You. You make a difference in your child’s life.
Parents, your children look up to you, they see you every day of your life. You’re their role model – their provider. You are the example for how life is to be lived and how situations are to be dealt with.
YOU have more impact on your child than you will ever know.Every day in elementary school, coming home was the highlight of my day because it was the time I would spend with Mom, telling her of all my adventures and the small victories of getting an “A.”
Even though I was small, and my life was uneventful, she acknowledged my emotions and sympathized when I was happy and sad. I grew to love her as a best friend as I realized she was truly living life with me and being a resource for me. Anytime I was confused, I could run to her. She would help me fight my battles and would ask daily about my friends and the new dramas I encountered.
Living in a world where I changed schools every year, I learned quickly how important family was. “Friends will come and go, but family is forever,” Mom would tell us anytime my siblings and I argued.
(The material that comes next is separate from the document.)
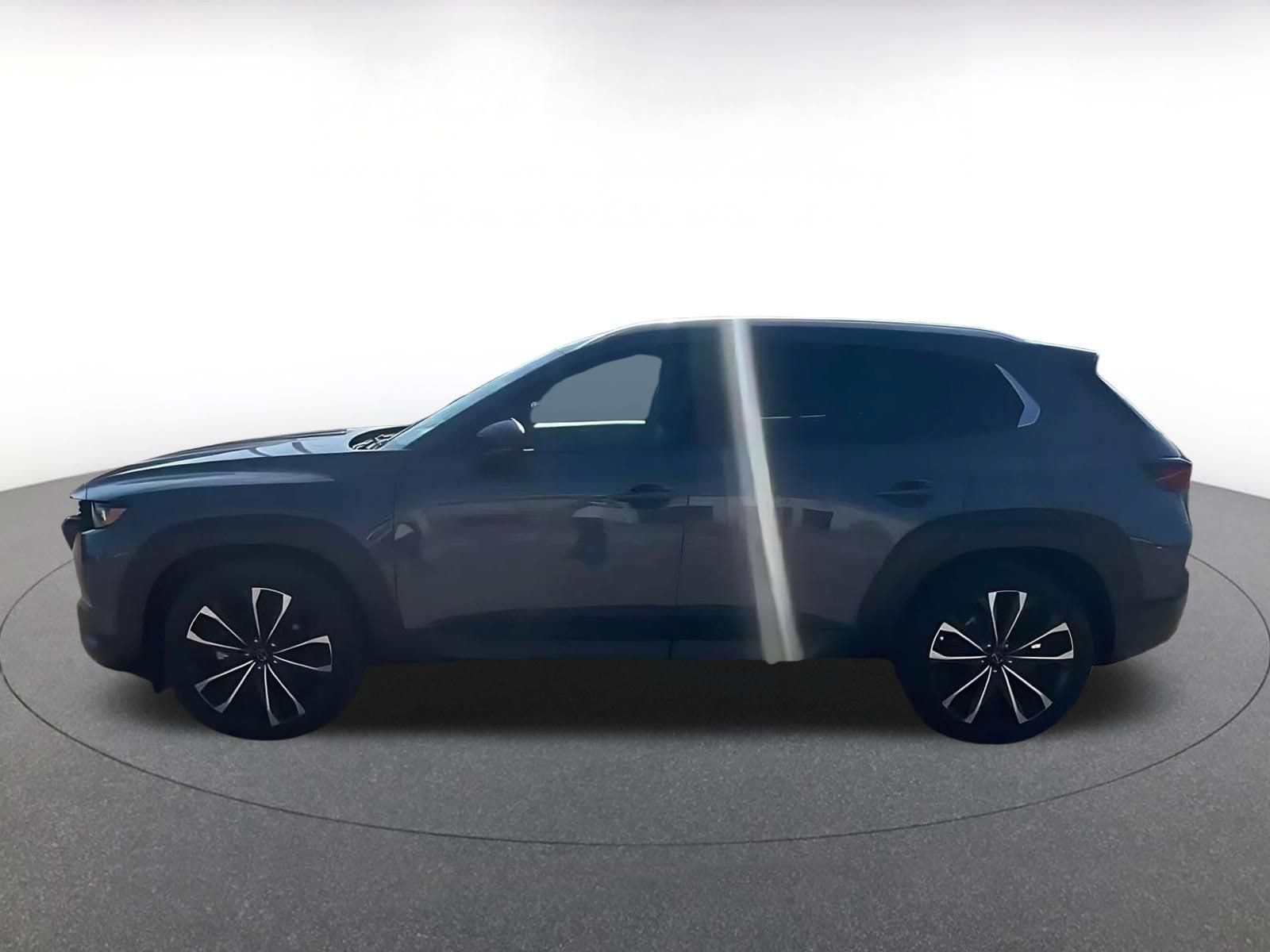 Thumbnail: 2026 Mazda CX-50 - 7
It wasn’t until high school that I realized she was right. I may have thought at the age of five that my siblings were my mortal enemies for taking my toys, but time changed my perspective. They were, are, and will always be there for me.
Parents, my perspective would never have changed if I was not taught how important family was.
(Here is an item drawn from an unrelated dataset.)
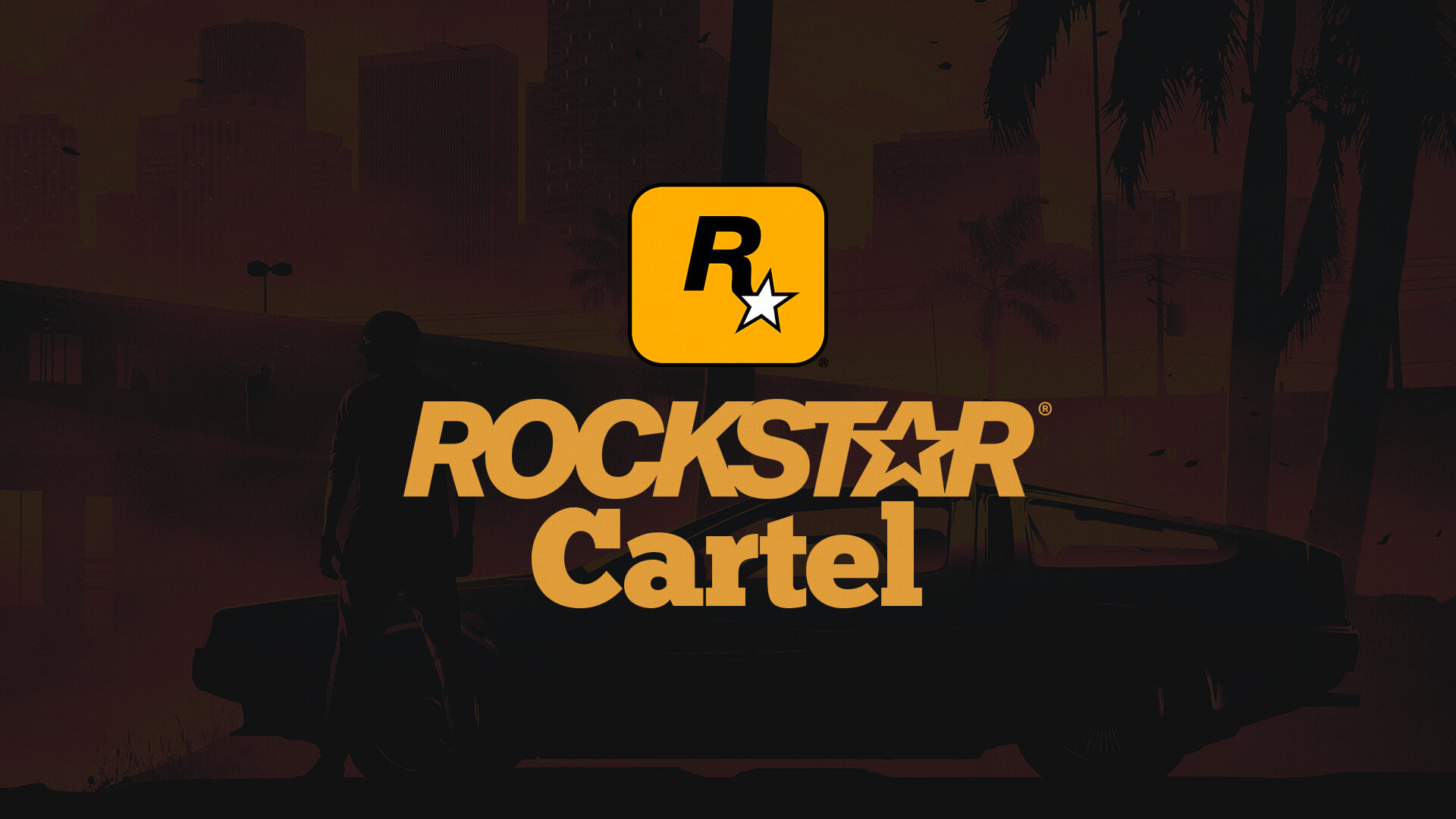 GTA 6 | Take Two registra domínio para a Rockstar Cartel 1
When I got to high school, teachers were shocked to see how close my older brother and I were. We took a couple classes together and teased each other. It didn’t phase us one bit. I didn’t realize that it was abnormal for siblings to get along.
Growing up, I only got closer to my family.
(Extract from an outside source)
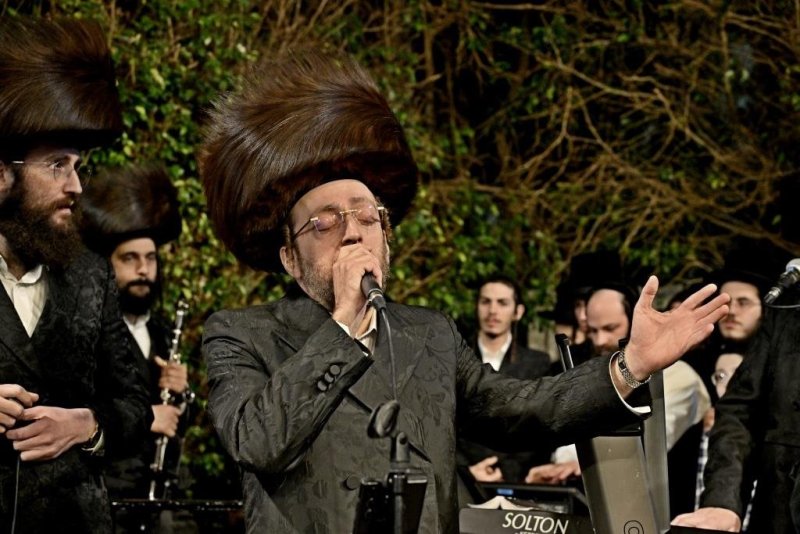 יהושע פרוכטר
The immature days of “he stole my toy” wore off, and my siblings and I were able to joke more freely with one another and accept each other. We became the closest of friends.
I grew closer to Mom also. High school days were brutal. Homework, working a job, dealing with peer pressure, and other typical high school norms were part of weekly discussion. I was able to speak to Mom about my daily life without any pressure because, just like in elementary school, I knew she was there for me.
I would talk to teachers about my relationship with her and how close we were. They were only amazed. They would ask “How are you so close?” or say “I hope my daughter and I become that close.”
Honestly, I think just being a resource and a good friend are the most important, while maintaining the position of Mom and authoritative figure, of course. Establishing the foundation of our relationship while I was young set the pace of our relationship for when I became a teen.
When I became interested in boys – I told her. I didn’t find it strange to talk to her about it because I told here everything. We would share thoughts and opinions. As I grew, she would ask for my opinion on things and take my answers to heart. She respected me as a friend and daughter and never looked down on me because of my age.
I honestly believe my family was crucial in my life. Parents, I want you to know that even though there is no such thing as the perfect family, there is such a thing as a loving family. I still have fun with my family to this day. I would stay with them forever if I could. We all love and support each other. We have fun with each other.
Know that you are a crucial part of your child’s life. Let your children know you are proud of them and want to spend time with them. You are their resource.